Most Republicans, including Rep. Greg Walden of Oregon, said the bill would modernize a law that has long forced landowners to bear unreasonable burdens to protect plants and animals, led to costly lawsuits and failed to help threatened species recover.
Walden, a co-sponsor of the bill, called it a modest change that would “bring tangible and positive results for the environment and the people we represent.”
The bill would result in improved scientific requirements in federal decision-making; better criteria for helping species in need; improved protection of private property rights; and a streamlined process that will be open to the public, Walden said.
But Democrats said the bill would eviscerate a law they credit with preserving species such as the spotted owl, gray whale and bald eagle.
“This bill is like cutting down the tree with the bald eagle’s nest in it when you could have just trimmed the branches,” said Rep. Rick Larsen, D-Wash. “It proposes unreasonable solutions to reasonable concerns.”

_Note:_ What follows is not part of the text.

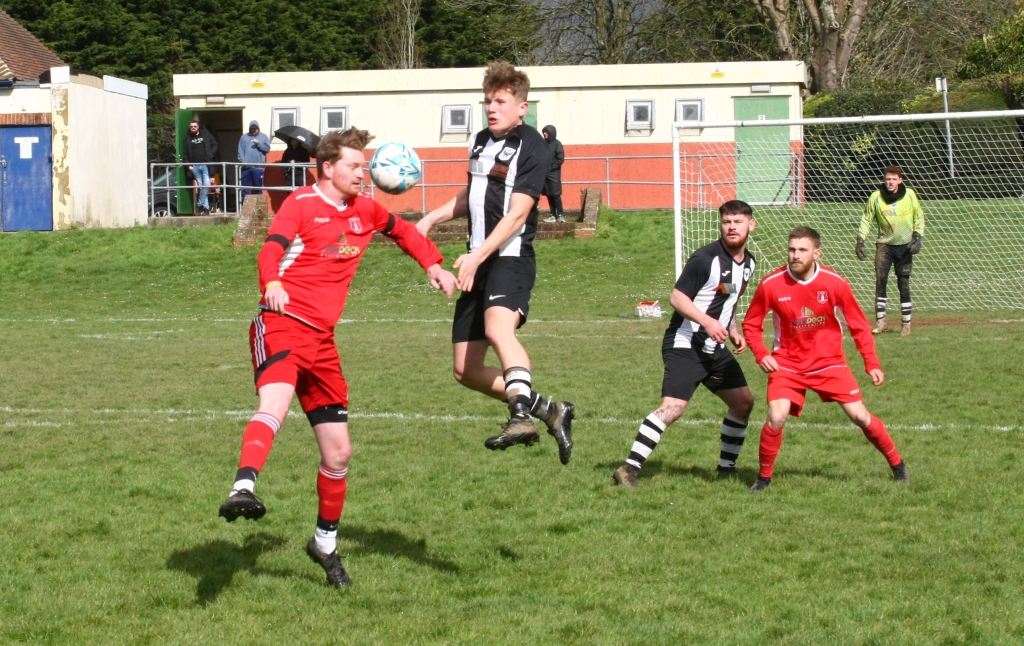 High Park V Niton (3)
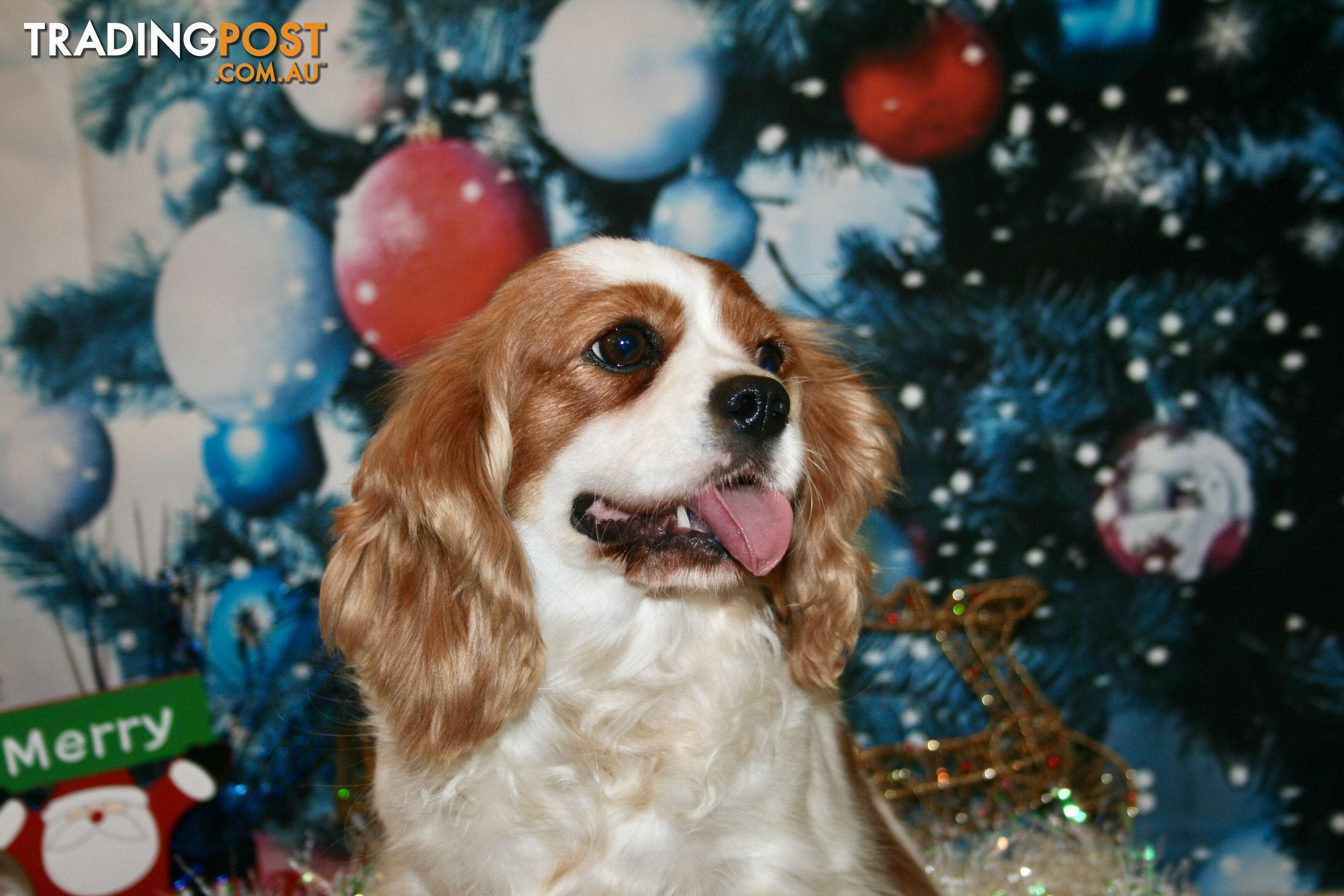 CAVALIER KING CHARLES GORGEOUS ADULT FEMALE - DESEXED VACC ETC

The GOP-sponsored bill was approved 229-193, with all 10 Democrats in Washington and Oregon opposing it. Rep. Dave Reichert, R-Wash., was the only one of four Republicans in the two states to oppose the bill.
Spokeswoman Heather Janik said Reichert was concerned about a provision that would eliminate “critical habitat” protection for plants and animals where development is limited – a step some critics said could lead to the extinction of dozens of threatened species.
“The congressman felt that one of the top concerns in Washington state and in his district is the environment, and when it came to the bill, he had some concerns on critical habitat,” Janik said.
Rep. Jay Inslee, D-Wash., waxed philosophical during debate on the House floor.
“What is a fish without a river? What is a bird without a tree to nest in?” he asked.
“What is an Endangered Species Act without any enforcement mechanism to ensure that their habitat is protected? It is nothing,” Inslee added. “This is not a modernization of the act. This is a euthanization.”
But Republicans said the measure would restore sanity to a law that in 32 years has resulted in the recovery of less than 1 percent of listed species.
Rep. Doc Hastings, R-Wash., said the bill would create a “fundamental shift from confrontation and litigation to cooperation and recovery. For people of the rural West, there could be few more important matters than modernization of the ESA.”